Sting is een popgenie. Deze zoon van een kapster en een melkman schonk de wereld The Police, inclusief een resem tijdloze hits. Toen hij midden jaren 80 solo ging, bleef het popgoud en -platina uit zijn vingers stromen. De jaren 2000, daarentegen, springen er vooral uit door de reünietournee van The Police. Sting ontwikkelde ook de onhebbelijke gewoonte om zijn eigen songs in nieuwe arrangementen te wringen. Hoe je kan denken dat je iets kan verbeteren wat al perfect is, het blijft ons een raadsel.

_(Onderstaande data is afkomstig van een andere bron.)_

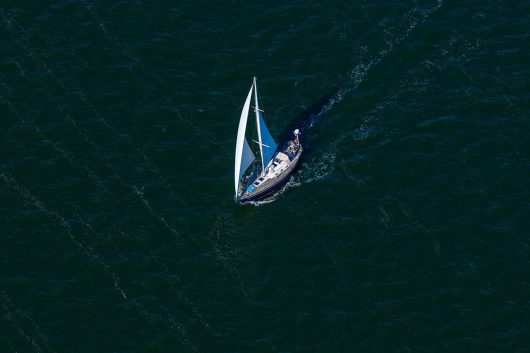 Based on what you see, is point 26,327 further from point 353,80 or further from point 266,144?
point 353,80

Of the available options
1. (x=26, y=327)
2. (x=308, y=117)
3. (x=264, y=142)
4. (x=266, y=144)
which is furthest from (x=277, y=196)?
(x=26, y=327)

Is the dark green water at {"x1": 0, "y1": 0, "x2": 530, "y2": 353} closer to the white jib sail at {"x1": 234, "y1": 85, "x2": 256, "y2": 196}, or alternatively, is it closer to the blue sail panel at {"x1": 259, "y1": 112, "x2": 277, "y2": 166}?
the white jib sail at {"x1": 234, "y1": 85, "x2": 256, "y2": 196}

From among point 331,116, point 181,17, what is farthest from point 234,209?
point 181,17

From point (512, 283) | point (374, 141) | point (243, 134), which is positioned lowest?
point (512, 283)

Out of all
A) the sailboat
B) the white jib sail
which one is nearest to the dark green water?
the sailboat

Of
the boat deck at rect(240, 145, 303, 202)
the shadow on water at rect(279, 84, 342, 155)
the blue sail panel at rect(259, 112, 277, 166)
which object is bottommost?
the boat deck at rect(240, 145, 303, 202)

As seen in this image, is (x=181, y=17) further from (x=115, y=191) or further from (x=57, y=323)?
(x=57, y=323) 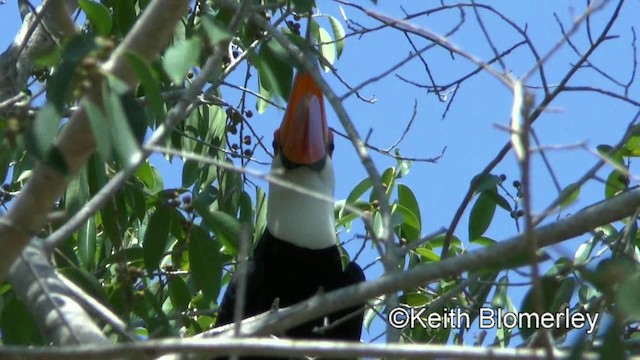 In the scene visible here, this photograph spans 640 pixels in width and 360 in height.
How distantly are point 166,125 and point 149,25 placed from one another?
6.5 inches

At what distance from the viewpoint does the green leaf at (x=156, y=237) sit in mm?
2580

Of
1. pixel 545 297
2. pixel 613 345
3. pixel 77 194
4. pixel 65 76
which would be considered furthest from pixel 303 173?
pixel 613 345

In 2019 stak Sting plots de neus aan het venster met “Reste“, een samenwerking met Gims die wij, en wij niet alleen, zeker konden smaken. Van zijn duet met Zucchero moesten we dan weer een half uur in foetushouding in de hoek gaan liggen om er terug een beetje door te komen. De vraag voor zijn nieuwe album The Bridge was dus vooral: steekt het popgenie Sting zijn hoofd nog eens boven water?
Openingsnummer en tweede single “Rushing Water” begint met een simpele beat en een eenvoudig riffje. Altijd een goed idee voor een popsong. Vreemd genoeg klinkt Sting niet echt als Sting, alsof hij met een andere stem zingt. Maar goed, het refrein breekt weids open en drummer Josh Freese doet iets leuks op een cymbaal. Wij zeggen: ‘meer moet dat niet zijn’. “If It’s Love”, de eerste single en het tweede nummer op het album, opent zowaar met een gefloten melodietje. Jawel, gefluit in 2021, lekker ouderwets. Toch werkt het in al zijn pretentieloosheid. Onder het refrein echoot “All This Time”, maar dat zal aan het gitaartje van Dominic Miller liggen.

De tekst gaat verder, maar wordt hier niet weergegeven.